The HepG2 cells used for the cell culture experiments which were procured from the Cell Laboratory of the Cell Resource Center of the Chinese Academy of Sciences. Before the experiment, a certain concentration of HepG2 cells was seeded in a 96-well plate and placed in an incubator (37 °C, 5%CO2) for 12 h. The experimental method for testing the activity of HepG2 cells was similar to that described in a previous study42. For the detailed measurement method, please refer to Supplementary Material.

Cellular uptake of GNRs and GNBs

Inductively coupled plasma mass spectrometry (ICP-MS) (ICAP-qc, Thermo Fisher, Germany) was used to measure the uptake of GNRs and GNBs by a single HepG2 cell43 The number of gold nanoparticles in a single cell could be obtained by dividing the test results of ICP-MS by the cell density in the sample and then by the mass of a single gold nanoparticle.

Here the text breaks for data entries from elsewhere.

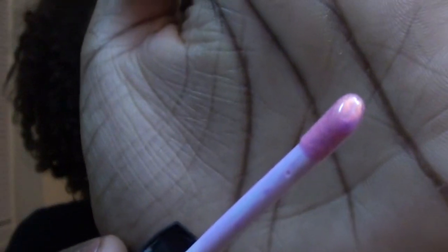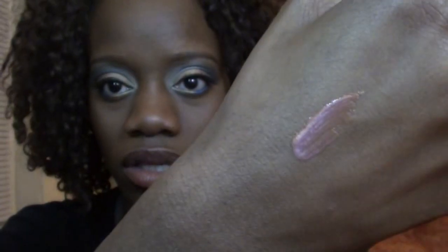This lip gloss is just so pretty. It has a doe-tip applicator and I like to say it looks like liquid lava in a tube — look at that color. I'm going to swatch it for you guys. Did you see how it changed colors? So pretty!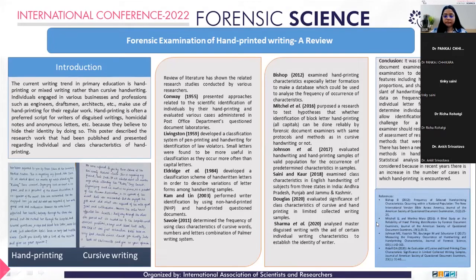Good afternoon, everyone. My name is Tinky Sandy. Today I'm going to present a poster on forensic examination of hand-printed writing, a review. Basically, this poster describes the research work that has been published or presented regarding individual or class characteristics of hand-printing.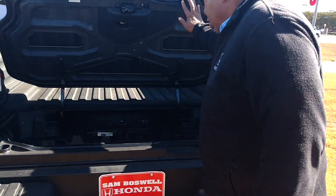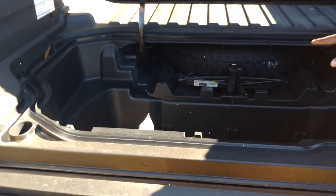Here is your well and your spare tire area as well. This is a very, very unique truck — designed, durable. My name is Robert Humphrey. I'm coming to you this morning from Sam Boswell Honda. Thank you. My number is 334-4170-311.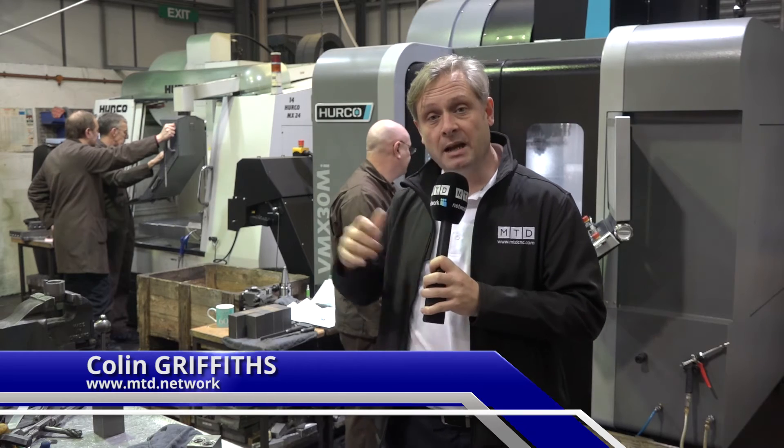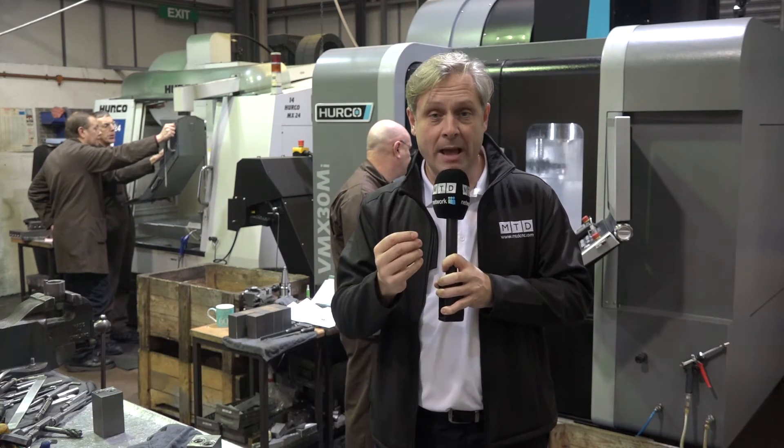We're at Wilbach Components in Cannock, Staffordshire. These guys are known for their hydraulic parts and their huge machine shop, mainly Hurco machines. I'm standing in front of their latest addition, the VMX30Mi.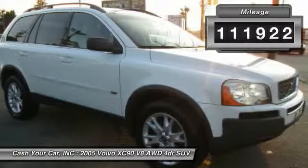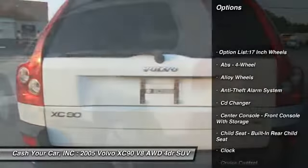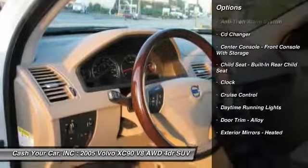Here are some of this vehicle's great options: CD changer, stability control, traction control, alloy wheels, power steering, anti-theft security system, cruise control, AM FM stereo radio, fog lights, clock.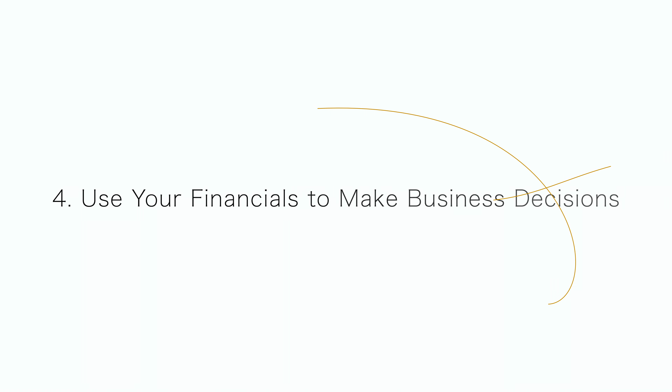Our fourth tip is to use your financials to make business decisions. Too many business owners fall into the trap of thinking that your books are just to help during tax time, and they never look at their financials throughout the year. Financials provide so much useful information that is often overlooked. Business owners should be familiar with a profit and loss statement, but how deep do they dive into analyzing their P&L? You could compare the current month to last month and see the percentage difference, or compare this year to last year, or compare your P&L to your budget.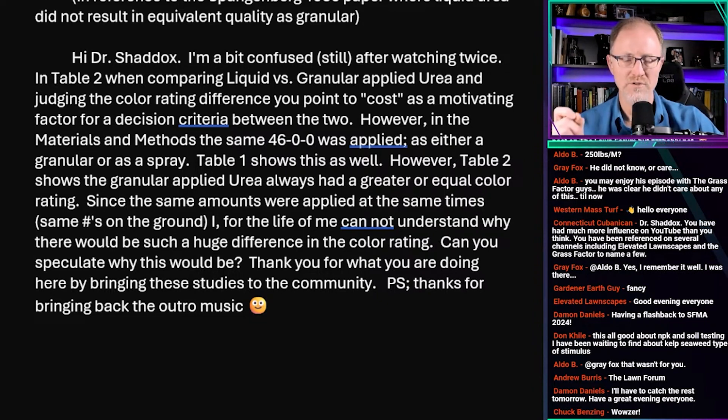Chuck Benzing asks: Hi Dr. Shaddix, I'm a bit confused still after watching twice. In table two, when comparing liquid versus granular applied urea and judging the color rating difference, you point to cost as a motivating factor for decision criteria between the two. However, in the materials and methods, the same 46-0-0 was applied.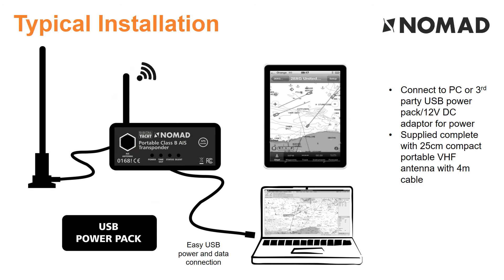Installing Nomad is simple. Simply connect the supplied Q-Max portable VHF antenna, plug into USB power and you've joined the AIS system. Connect your tablet and appropriate app to the WiFi connection and you'll see AIS targets displayed on your electronic chart. For a more permanent installation, Nomad can be mounted on a bulkhead and connected to a permanent external antenna.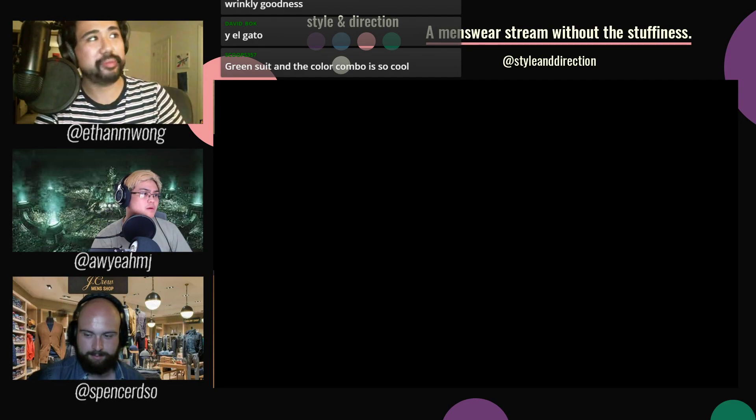That was Fit Pic Saturday and Sunday — one of those things. Thank you for submitting outfits. Submit them every Sunday morning before the stream — just make sure you get them in before the stream starts.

TEM (JEOL-1400HR, JEOL, Japan) was used to observe the distribution of GNRs and GNBs in HepG2 cells. Please refer to Supplementary Material for the description of specific experimental methods.

Numerical simulation

The finite element method software developed by COMSOL Multiphysics (www.comsol.com) was employed to simulate the distribution of electric field and thermal response of gold nanoparticles excited by Gaussian light. In COMSOL simulations, the water around the gold nanoparticles was set to a spherical shape with a radius of 1700 nm. The water was divided into three layers; the outermost layer was set as an infinite element layer with a thickness of 500 nm to simulate thermal conduction in an infinite space, and the second outer layer was a perfectly matched layer with a thickness of 500 nm to simulate light propagation in an infinite space. Non-uniform grids with the smallest grid of 1 nm were employed.

Photothermal therapy Experiments

In the photothermal treatment experiment, the laser light emitted by a titanium: sapphire oscillator (Mira 900 S, Coherent, Santa Clara, California CA, USA) with a repetition frequency of 76 MHz was reflected to an inverted microscope (Axio Observer A1, Zeiss, Santa Clara) La, California CA, USA), and a 60× objective lens was used to focus and observe the target cells. The radius of the laser spot was about 1 μm. In the photothermal treatment experiment, the cells were incubated in a medium containing GNRs and GNBs for 24 h. Then, the medium containing GNRs and GNBs was removed, and a new medium without GNRs and GNBs was added to a Petri dish.